The societal, economical, cultural, social, and psychological realities that lead to Shola's and Mike Brown's predicament were and are extremely relevant for many many people nationally and globally.  Throughout time when there has been a struggle and/or fight for justice, freedom, or life in general among any group of people there have been those on the sidelines and those in the struggle themselves who worked to persuade the group to keep fighting, keep pushing, keep running.  The process for progress is often defined by the ability to maintain stamina. 

So, although these two individuals--one fictional and one not--were commanded to keep up the literal action of running, the surrounding conditions in the film and in Missouri make those words just as essential to survival than the context in which they were originally used.

This concept is applicable to our day-to-day involvements and activities as well, especially since we often face doubt and uncertainties while we're on our journeys.  Holding on to the idea to keep running, pushing, striving, and doing despite adversity is essential to achievement.  Our ability to remain steadfast in our persistence is certain to determine how far we go.

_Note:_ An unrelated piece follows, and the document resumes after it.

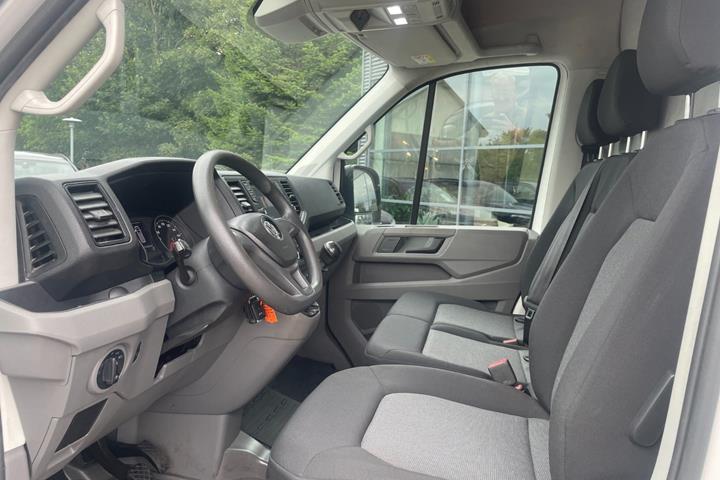 Hvid VW Crafter 35 fra 2020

(Completed September 21, 2014)

Tuesday, October 2, 2012

Bold and Deliberate

Mar 17, 2007


so there's this vine growing through the top of my kitchen window and it recently developed some bright green leaves. i'm lovin' it to life. i've always been mindful of the way vines just do their thing regardless. and all of nature for that matter. like the way a bright yellow flower will burst through cracks in concrete. or how roots of a tree will just shatter a sidewalk. so i started thinking, i need to be just as bold in my positive endeavors at all times. no inhibitions. just doing my thing cause that's all i know how to do. growing. progressing. continually going forward. with no insecurities or doubts. letting nothing hold me back. just like every other natural entity does. yep. flytie to the fullest. ;-)

"if this life is heaven, can we live like the stars?"--Fertile Ground


Stand Firm.

Apr 8, 2008


last week i was in the store on one aisle and heard the following conversation on another aisle between a young child (maybe 3-4 yrs. old) and someone who i assumed was her mother.

judging from what i heard, the girl must have been asking for a particular item. it went something like:

woman: i’ll get it for you, but you can only have one.

girl: i want 2.

woman: no. you can only get one. which one do you want?

girl: 2

woman: you’re only getting 1!!

girl: but i want 2.

woman: pick one so we can go.

girl: 2.

woman: one or none!

girl: 2.

*end conversation*

the way in which it all went down was just great.

the thing i loved about it is that the child never raised her voice or threw a fit, but you could hear the firmness and determination in her tone. for her, to get less than 2 of whatever she was asking for was not an option. i could just picture her standing there with her hands on her hips while wearing a super woman cape blowing in the wind. ok. there was no wind and no cape, but that’s what i thought of. you know, something like those typical superman images but in girl/woman form.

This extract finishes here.